Companies may issue further shares to its existing shareholders to not only raise additional fund, but also to maximize their wealth. A company can also issue shares to its hardworking employees, thereby maximizing employee participation and interest towards work. Some of such instances are sweat equity issue, employee stock options, bonus and rights issue, that are discussed below.
Sweat equity shares are generally those equity shares which are issued by a company to its high valued employees at a discount or for consideration, other than cash. Here, employee should be a permanent employee either working in India or abroad or a director of the company. This is applicable only to those employees and directors who share or contribute any kind of technical know-how or special rights such as patent, intellectual property, etc., with the company for its greater performance.
Thus, a compensation made to those respectable employees by the company is at times, in the form of shares rather than cash.

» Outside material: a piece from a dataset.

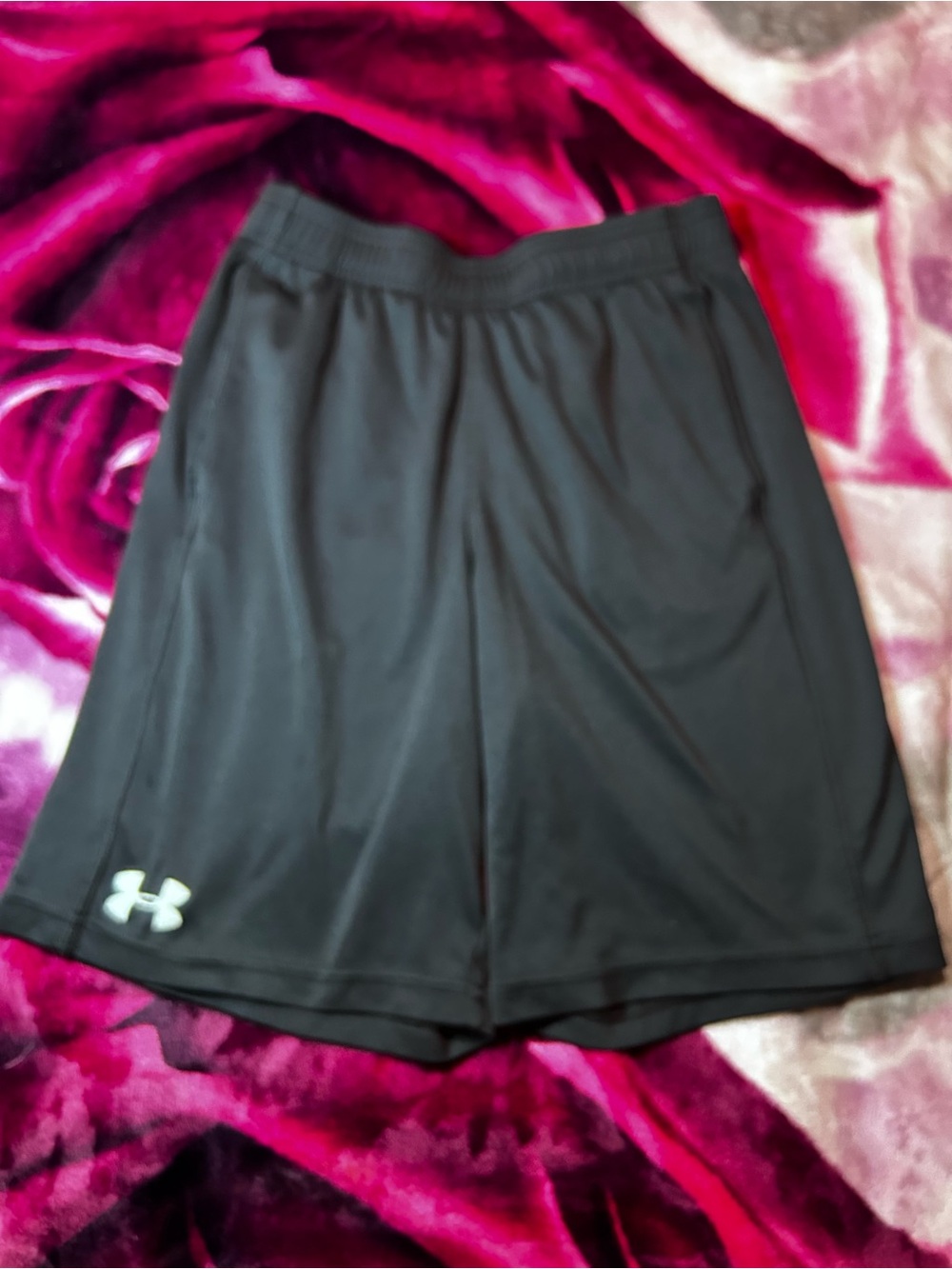 Under Armour Black Men's Athletic Performance Shorts with White Logo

Following are the conditions as per section 54 of the Companies Act, 2013 that should be fulfilled by any company which is issuing sweat equity to its employees:
1. Special Resolution:
The issue should be authorized by passing a special resolution by the company. This resolution should should clearly specify the number of shares, current market price, any consideration and the class of employees or directors to whom such shares are to be issued. This resolution is valid only for one year.
2. Timing:
Issue of sweat equity shares can be made by the company only after completing one whole year from the commencement of business.
3. Regulations:
The sweat equity shares should be issued in accordance with the regulations made by SEBI and the stock exchange, where the existing shares are listed.
4. Case of an Unlisted Company:
In case of an unlisted company, it is mandatory to pass a special resolution at the general meeting.
5. Explanatory Statement:
As per provisions of section 102 of Companies Act, 2013; an explanatory statement should be annexed with the notice of the general meeting containing the following details:
a. Date of the board meeting on which proposal for sweat equity was approved.

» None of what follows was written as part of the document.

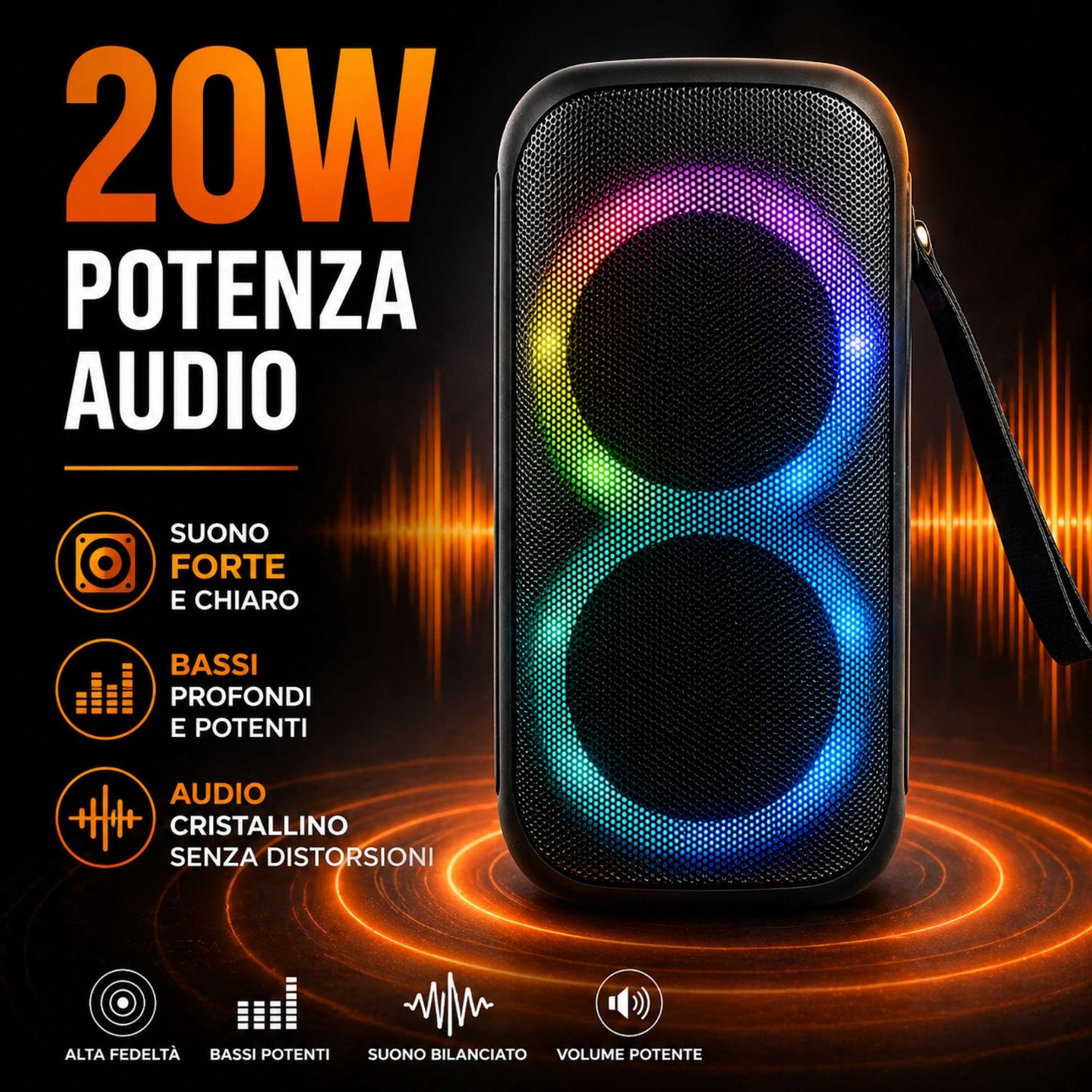 Speaker Cassa Bluetooth Altoparlante Waterproof WiFi USB Portatile Cubo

b. Reason for the issue of sweat equity.
c. Class of shares under which the sweat equity shares are intended to be issued.

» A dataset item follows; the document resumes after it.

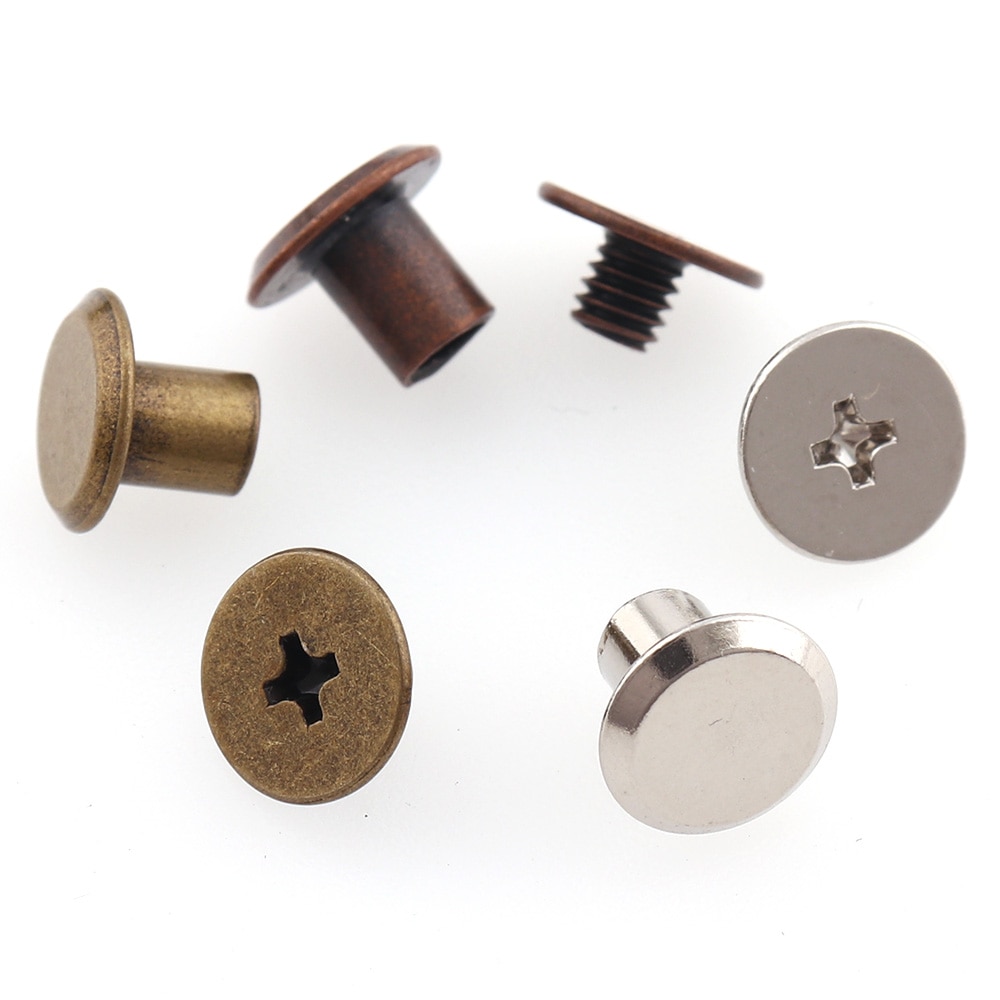 50sets/lot Metal Double cap screws rivets 10mm Antique bronze/Red copper/Silver Sewing Rivet Punk Bag Belt Apparel Leather craft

d. The total number of shares to be issued.
e. The class of employees or directors to whom such shares are to issued.
f. The principal terms and conditions to the issue including valuation.
g. The tenure of employment of such employee or director, with the company.
h. Details of the employee or the director to whom such issue is to be made along with a statement of relation with the promoter, if any.
i. The price at which sweat equity shares are proposed to be issued.
j. The consideration including consideration other than cash, if any to be levied on the share receiver.
k. Statement ensuring adherence to the applicable accounting standards.
l. Diluted Earnings Per Share considering sweat equity issue.
6. Limit on Issue of Sweat Equity Shares
a. A company can issue sweat equity shares upto 15% of the existing paid up equity share capital during a year or sweat equity shares valuing Rs. 5 Crores, whichever is higher.
b. Again, the final issue of such shares should not cross 25% of the total paid-up share capital of the company.
7. Lock in Period
The sweat equity shares issued to the employees or the directors shall be locked in (made non-transferable) for a period of 3 years from the date of allotment of such shares.
8. Valuation
The shares to be issued under sweat equity scheme should be valued by a registered valuer for providing a fair and justifiable value. Valuation of intellectual property rights, technical know how and value additions should also be done by the registered valuers. This valuation report is then sent by the valuer to the Board of Directors with sufficient justification.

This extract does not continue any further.